Construção e reabilitação urbana: quem os viu e quem os vê!;

Construção e reabilitação urbana: quem os viu e quem os vê!



José Diogo Marques
Advogado, associado da área Imobiliário e Urbanismo da Cuatrecasas




Francisco Maia Cerqueira

Advogado estagiário da área Imobiliário e Urbanismo da Cuatrecasas
Nos últimos dez anos, o nosso mercado imobiliário conheceu transformações tais que deixariam perplexo qualquer promotor dos anos 90 e 2000 que viajasse ao futuro: foi a recuperação das crises do subprime e das dívidas soberanas, foi a internacionalização, foi a aceleração da gentrificação, foi o florescimento de produtos inovadores, num sector pouco permeável a novidades, foi o boom do turismo. E, agora, é a recuperação de uma pandemia e os efeitos globais de uma guerra local. Não faltam novas realidades – ou novas formas de realidades antigas? – que mereçam o nosso estudo e reflexão.
Na impossibilidade de nos focarmos em todas essas novas realidades, destacamos três grandes tendências que, do nosso ponto de vista, marcam o presente e o futuro próximo do sector da construção e da reabilitação urbana: o impacto da inflação, a implementação dos princípios ESG e os novos usos dos prédios.

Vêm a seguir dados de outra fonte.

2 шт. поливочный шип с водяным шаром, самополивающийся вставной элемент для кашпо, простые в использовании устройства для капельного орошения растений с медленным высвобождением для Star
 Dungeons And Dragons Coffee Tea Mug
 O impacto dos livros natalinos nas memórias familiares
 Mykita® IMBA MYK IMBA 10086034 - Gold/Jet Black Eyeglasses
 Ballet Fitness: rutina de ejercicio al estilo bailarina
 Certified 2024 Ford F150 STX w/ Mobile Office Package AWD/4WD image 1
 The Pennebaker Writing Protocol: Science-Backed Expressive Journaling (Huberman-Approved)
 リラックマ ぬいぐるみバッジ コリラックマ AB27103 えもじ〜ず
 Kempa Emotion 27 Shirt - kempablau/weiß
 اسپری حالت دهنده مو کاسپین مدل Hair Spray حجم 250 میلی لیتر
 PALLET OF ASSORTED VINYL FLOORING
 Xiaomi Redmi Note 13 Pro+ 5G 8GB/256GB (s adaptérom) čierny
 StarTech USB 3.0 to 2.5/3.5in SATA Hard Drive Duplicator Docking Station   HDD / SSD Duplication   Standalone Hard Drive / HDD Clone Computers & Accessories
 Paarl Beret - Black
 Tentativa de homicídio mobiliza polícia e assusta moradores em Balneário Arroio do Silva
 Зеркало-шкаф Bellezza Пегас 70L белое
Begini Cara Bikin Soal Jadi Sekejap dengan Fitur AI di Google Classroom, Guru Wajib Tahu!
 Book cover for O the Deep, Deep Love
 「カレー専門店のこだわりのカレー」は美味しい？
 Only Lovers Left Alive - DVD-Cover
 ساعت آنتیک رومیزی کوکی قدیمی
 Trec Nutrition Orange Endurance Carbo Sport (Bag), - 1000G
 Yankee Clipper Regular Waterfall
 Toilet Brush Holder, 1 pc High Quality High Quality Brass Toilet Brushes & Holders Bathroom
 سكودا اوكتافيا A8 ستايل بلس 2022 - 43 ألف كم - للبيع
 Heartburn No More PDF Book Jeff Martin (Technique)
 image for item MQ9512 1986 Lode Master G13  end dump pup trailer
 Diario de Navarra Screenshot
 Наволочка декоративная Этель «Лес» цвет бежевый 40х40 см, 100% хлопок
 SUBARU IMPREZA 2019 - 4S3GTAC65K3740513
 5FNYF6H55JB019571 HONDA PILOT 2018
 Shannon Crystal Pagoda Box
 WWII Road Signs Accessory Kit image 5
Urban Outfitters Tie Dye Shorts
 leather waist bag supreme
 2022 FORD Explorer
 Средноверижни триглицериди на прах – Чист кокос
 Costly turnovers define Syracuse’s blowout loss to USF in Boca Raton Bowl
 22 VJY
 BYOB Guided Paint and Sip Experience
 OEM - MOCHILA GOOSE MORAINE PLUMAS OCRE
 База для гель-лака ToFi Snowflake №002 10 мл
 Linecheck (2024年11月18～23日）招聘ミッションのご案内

Revisão de preços nos contratos de empreitada
O aumento exponencial dos custos da construção, numa primeira fase, como consequência das disrupções das cadeias de abastecimento das matérias-primas, durante a pandemia, e, mais recentemente, agravado por um fenómeno generalizado de inflação, colocou dramaticamente a questão das revisões de preços dos contratos de empreitada na ordem do dia.
O problema não é inaudito: a possibilidade de revisão dos preço das empreitadas tem sido, desde há mais de um século, objeto de tratamento por parte do legislador português, principalmente em obras públicas, com o objetivo de gerar confiança no tráfego jurídico, permitindo a revisão do preço devido por um contrato que se encontra a ser executado num contexto socioeconómico diferente daquele que esteve na base da sua celebração, de forma a assegurar que, afinal de contas, as obras sejam concluídas.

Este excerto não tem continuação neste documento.